To find the number of different professional committees of 8 people that can be formed, each containing at least 2 Doctors, at least 2 Public Servants, and 1 IT Expert from a list of 7 Doctors, 6 Public Servants, and 6 IT Experts, we can use combinations.
Let's break down the conditions:
1. At least 2 Doctors: This means we can choose 2, 3, 4, 5, 6, or 7 Doctors.
2. At least 2 Public Servants: This means we can choose 2, 3, 4, 5, or 6 Public Servants.
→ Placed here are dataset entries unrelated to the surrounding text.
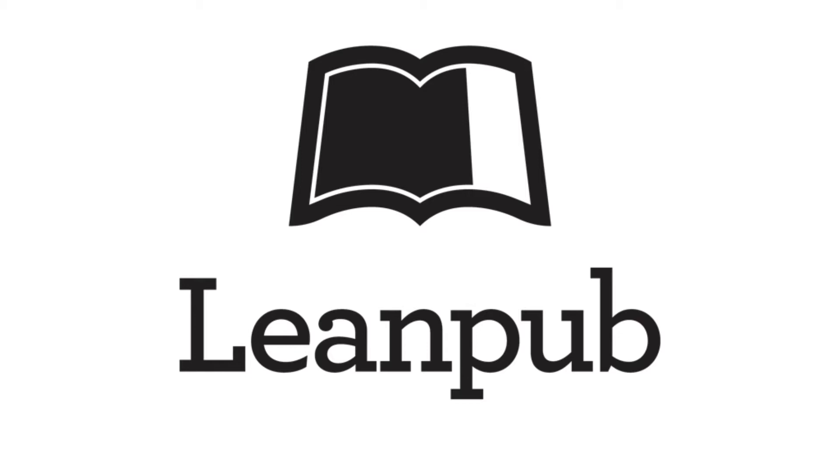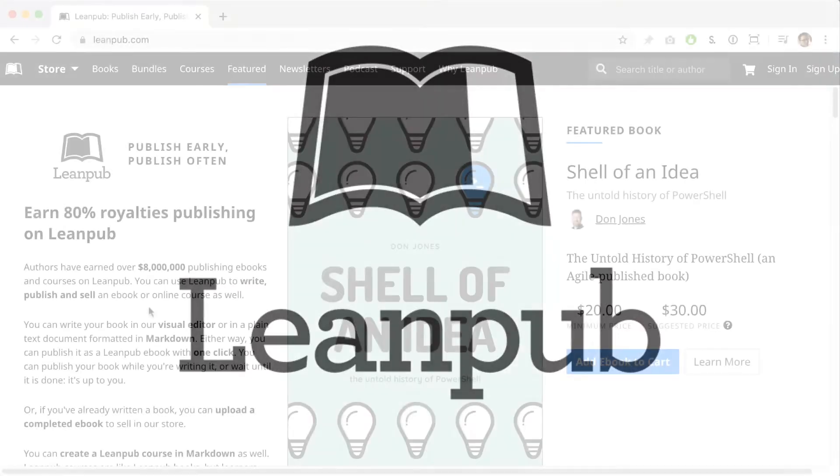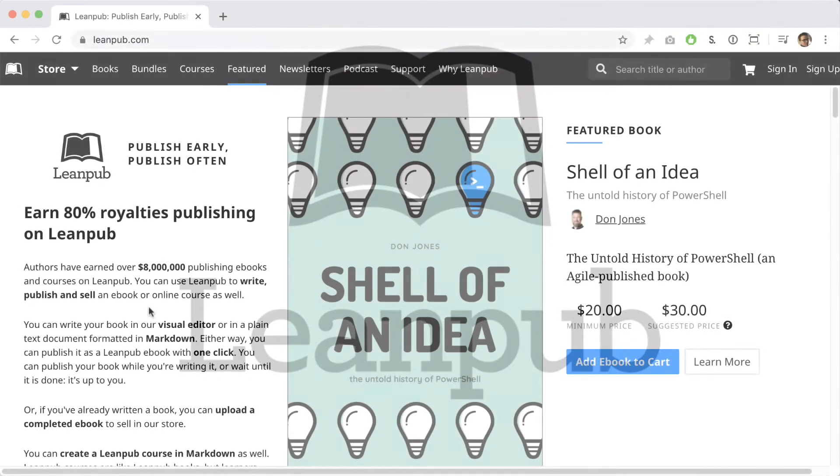When you're done watching this short video, you'll know how to create a new book on Leanpub, where to upload your book files, and how to set everything up for selling your book through our online bookstore, where you'll make an 80% royalty on every sale.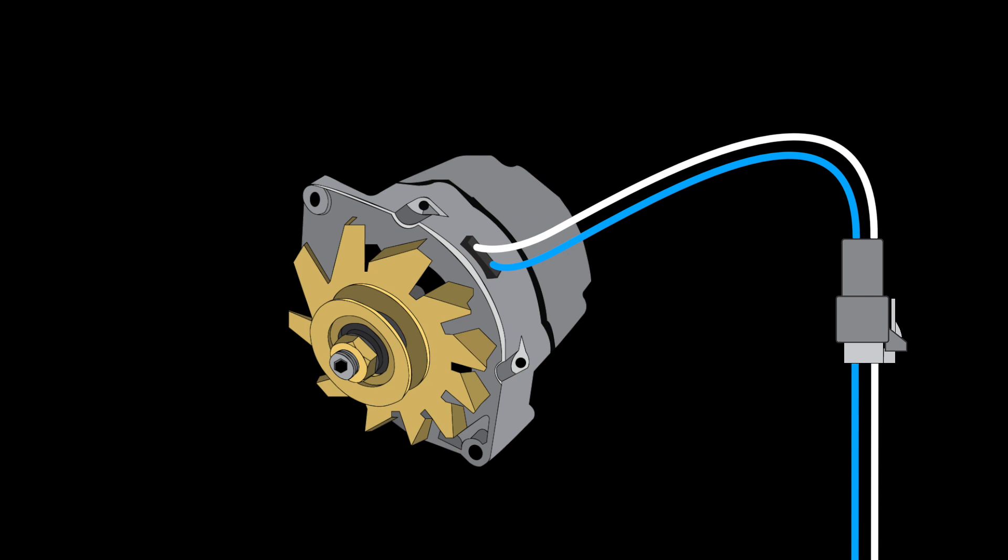This type of adapter also makes it simple to switch back to an externally regulated part in the event a change is required in the future because no modification is required to either your original wiring or a new replacement harness purchased through our factory fit catalog.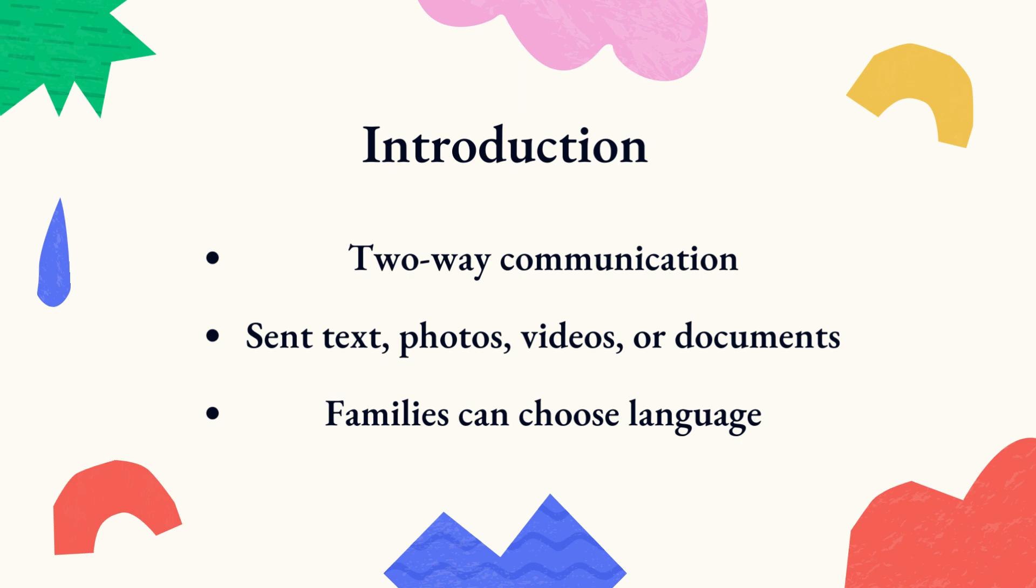Users can type, record audio, attach documents, and even share photos and videos.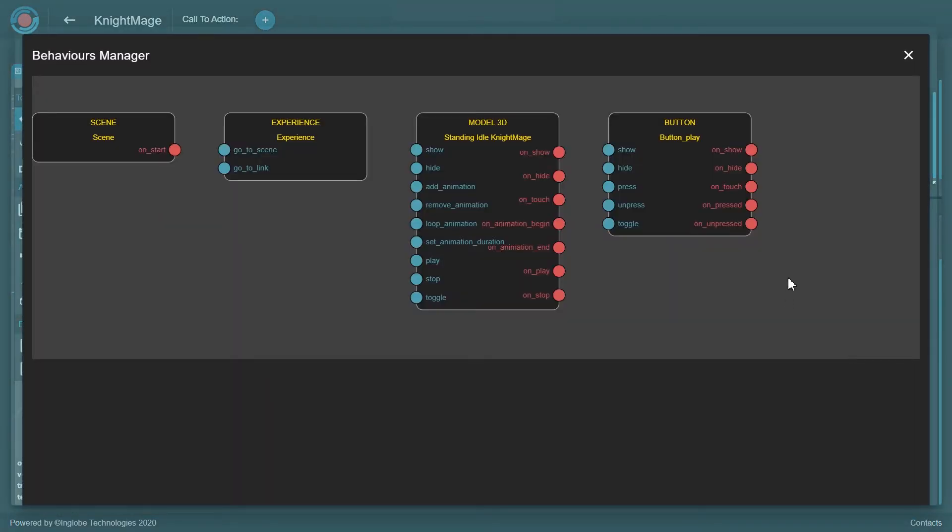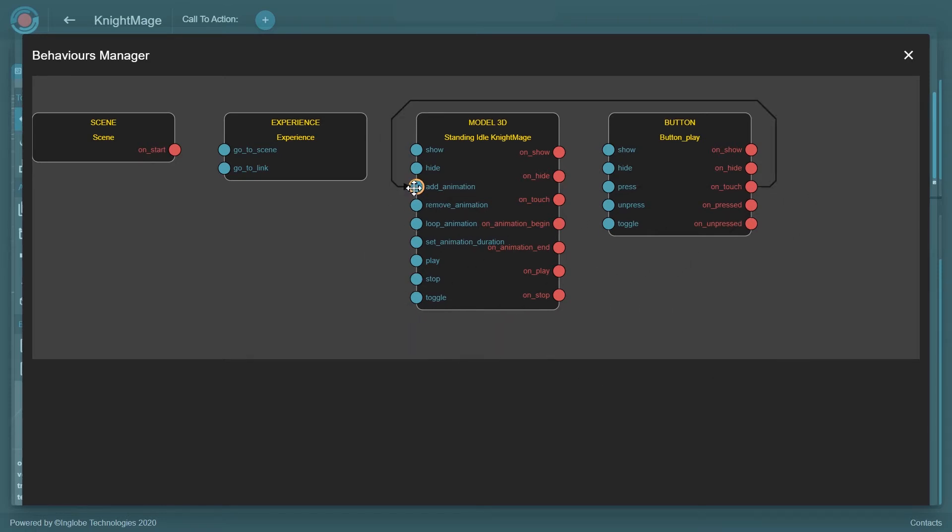Access the Behaviors Manager and create the desired user interaction by connecting events to each other. Add to Actions using the arrows.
3. Exactly 1 IT Expert: This means we choose 1 IT Expert.
Now, we can find the total number of ways to form the committee by multiplying the number of ways to choose from each category:
\[ \text{Total number of committees} = (\text{Ways to choose Doctors}) \times (\text{Ways to choose Public Servants}) \times (\text{Ways to choose IT Experts}) \]
Let's calculate:
\[ \text{Ways to choose Doctors} = C(7, 2) + C(7, 3) + C(7, 4) + C(7, 5) + C(7, 6) + C(7, 7) \]
\[ \text{Ways to choose Public Servants} = C(6, 2) + C(6, 3) + C(6, 4) + C(6, 5) + C(6, 6) \]
\[ \text{Ways to choose IT Experts} = C(6, 1) \]
Now, calculate the combinations and find the product to get the total number of committees.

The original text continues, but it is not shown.